Grindstone to Success
Entrepreneurs aren’t always appreciated as much as they should be.
And Happy Australia Day (January 26th)!
(This comic strip was previously published on April 23th, 2009.)
Entrepreneurs aren’t always appreciated as much as they should be.
And Happy Australia Day (January 26th)!
(This comic strip was previously published on April 23th, 2009.)
I’d be wary of a Wombat with an electric grinder too.
Why? I’m pretty good with the grinder. Other than the time I. . .oh, nevermind.
ahah, maybe a free trial might soften Chris up.

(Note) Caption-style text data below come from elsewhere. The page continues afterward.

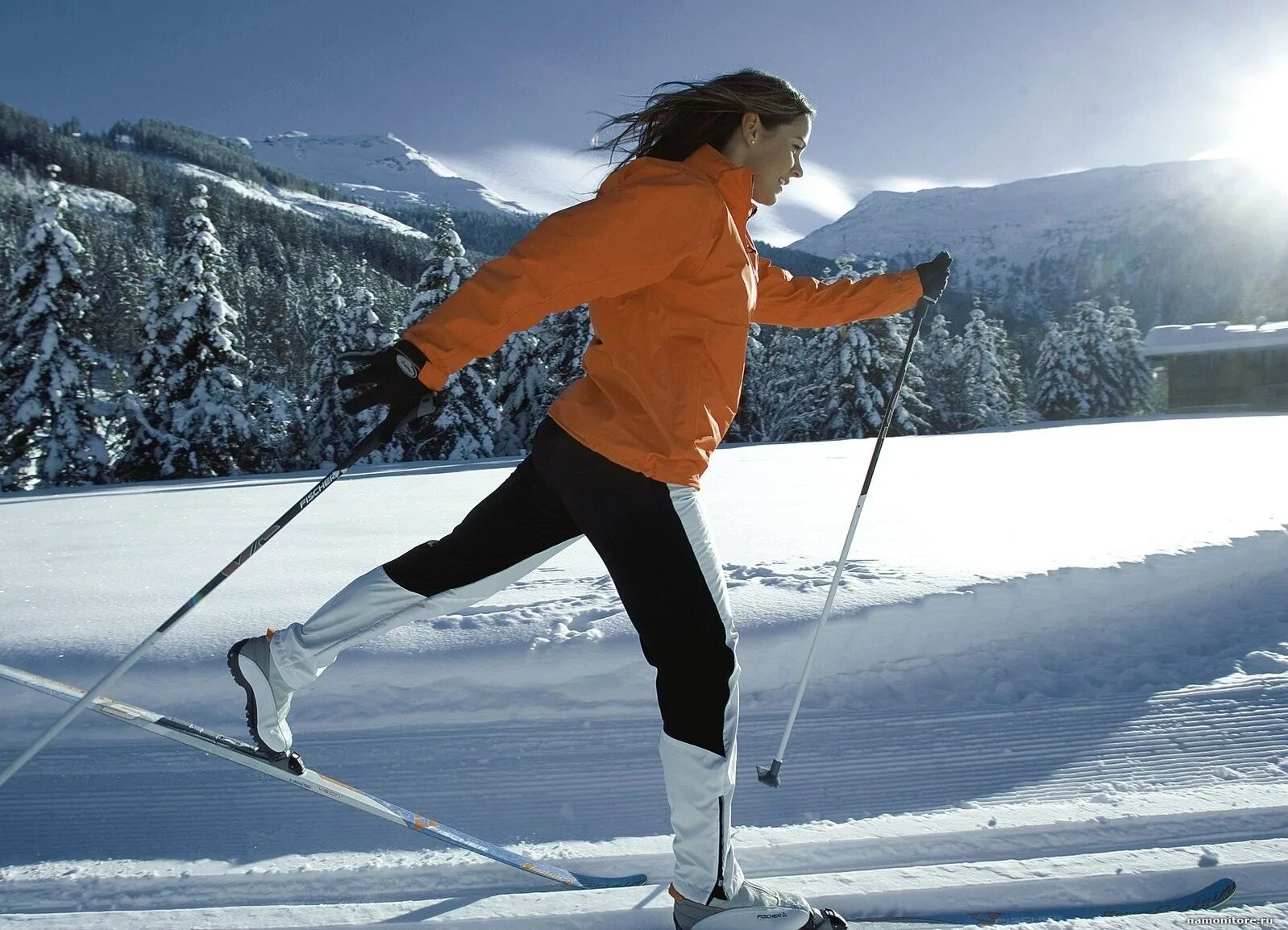 Катание на лыжах. Зимний спорт. Девушка на беговых лыжах. Ходьба на лыжах.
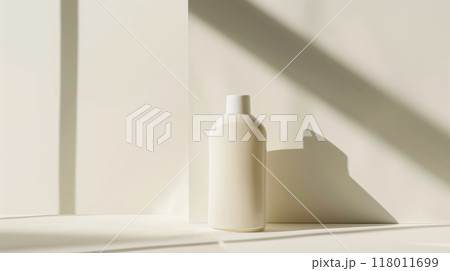 A white bottle stands alone against a light backdrop, illuminated by soft natural light A white bottle stands alone against a light backdrop, illuminated by soft natural light 118011699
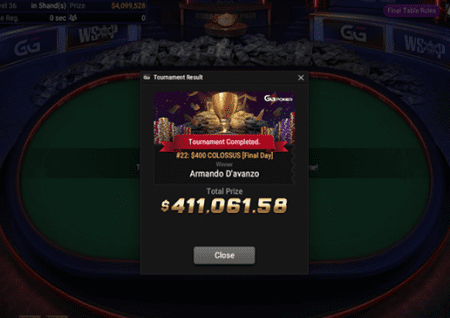 Armando D’avanzo Wins 2021 World Series of Poker Online COLOSSUS for $411,061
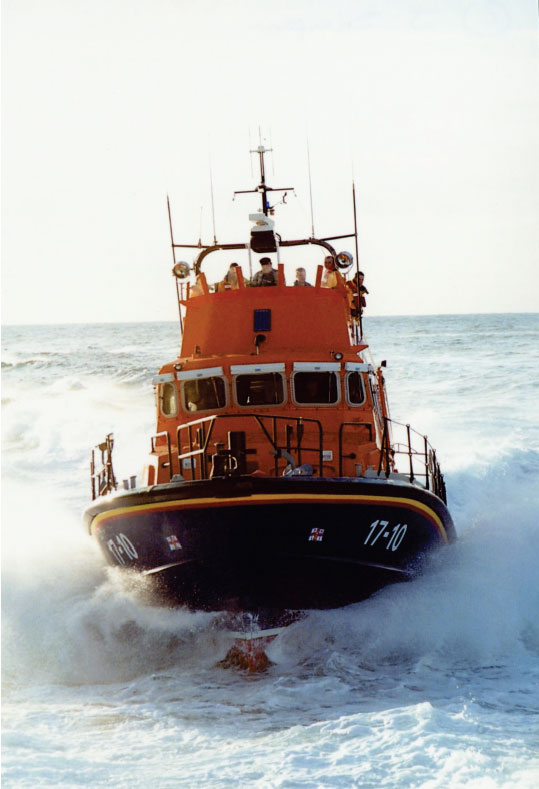 Crew of the Lerwick Lifeboat on service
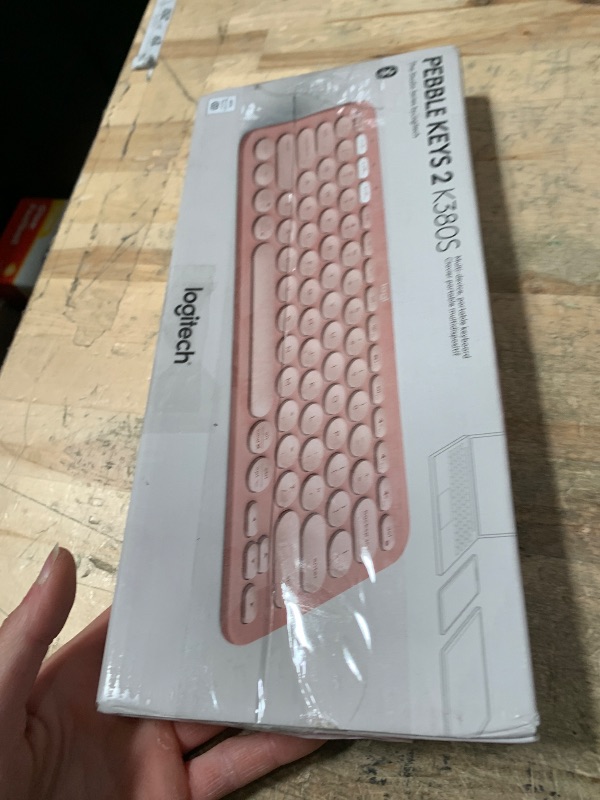 Photo 1 of ***missing left shift key***Logitech Pebble Keys 2 K380s, Multi-Device Bluetooth Wireless Keyboard with Customizable Shortcuts, Slim and Portable, Easy-Switch for Windows, macOS, iPadOS, Android, Chrome OS - Tonal Rose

Thanks for adding me to your webcomics list!
You’re welcome, Chur.
Free! I should’ve thought of that!
Hey, a free teeth cleaning! How can you turn that down! 🙂
Well I didn’t say it was free, but I probably should have.
I think he’s been taking lessons from my dentist!
think my dentist went to the same school as yours !
I didn’t really go to dentist school, but how hard can it be to grind a few teeth clean?
That was probably the prototype for the electric toothbrush.
Maybe I could sell the patent.
Ah, yes! Power tools = hours of entertainment! Of course pearly whites might disagree, but they’ve never really been much of a party animal, anyway, I guess.
🙂
Yeah, power tools are lots of fun! Especially when you get paid to use them. Though no one has paid me yet.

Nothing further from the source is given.